NHS Isle of Wight supports National Stroke Awareness campaign
The quicker a stroke is spotted and treated, the better the chance of survival and recovery. That’s the aim of a new national campaign launched today which NHS Isle of Wight is supporting, to show people that a simple test called FAST – Face Arm Speech Test – which is already carried out by paramedics, can help everyone to spot the signs of a stroke and maybe save their own life or others.
Stroke is the most common cause of adult disability in the UK and the third most common cause of death, yet research shows many people don’t know the symptoms of a stroke, or how serious a stroke can be.
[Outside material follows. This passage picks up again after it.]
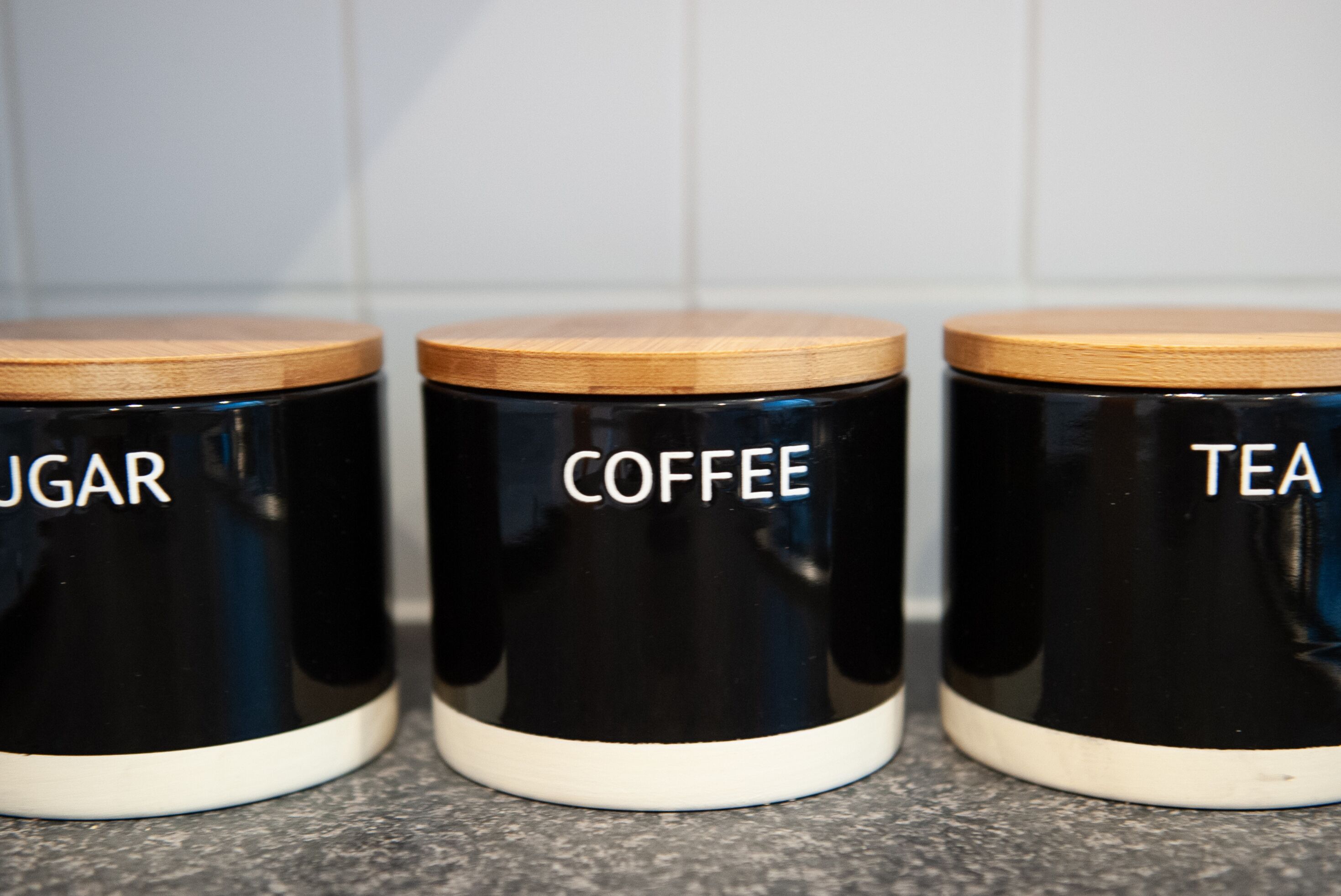 Trois récipients noirs à couvercles en bois, étiquetés respectivement « SUCRE », « CAFÉ » et « THÉ ».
Robin Beal, Clinical Director for Access and Assessment at the Isle of Wight NHS Primary Care Trust said: “Reducing the number of deaths from stroke is a key priority for the NHS. It is vital that everyone knows how to recognise the symptoms of a stroke by thinking FAST – Face Arm Speech Test and call 999 at the first signs of an attack so they get the right treatment quickly. That way we have a better chance of saving their life and preventing the disabilities that stroke can cause such as paralysis, severe memory loss and communication problems.
FAST requires an assessment of three specific symptoms of stroke:
Facial weakness - can the person smile? Has their mouth or eye drooped?
Arm weakness - can the person raise both arms?
Speech problems - can the person speak clearly and understand what you say?
Time to call 999
Shaun Carter, Clinical Effectiveness Manager for the IW Ambulance Service said: “The FAST test has been an integral part of our paramedics assessment of potential stroke patients for over 7 years; we have found it to be a quick, simple but effective way to identify patients requiring further assessment and treatment. The IW Ambulance Service attended over 250 suspected strokes last year. It is important that the public recognise the signs of stroke and carry out this quick, easy test themselves and call 999.”
Jeannine Johnson, Lead Stroke Nurse Specialist and Stroke Improvement Programme Manager said: “Last year around 400 people on the Island suffered a stroke with a further 200 experiencing a Transient Ischaemic Attack (TIA), frequently described as a mini stroke and often a sign that a “bigger” stroke is coming. It is therefore imperative that the public are aware of the symptoms of stroke in order to seek urgent medical help and try to minimise what has the potential to be a devastating impact.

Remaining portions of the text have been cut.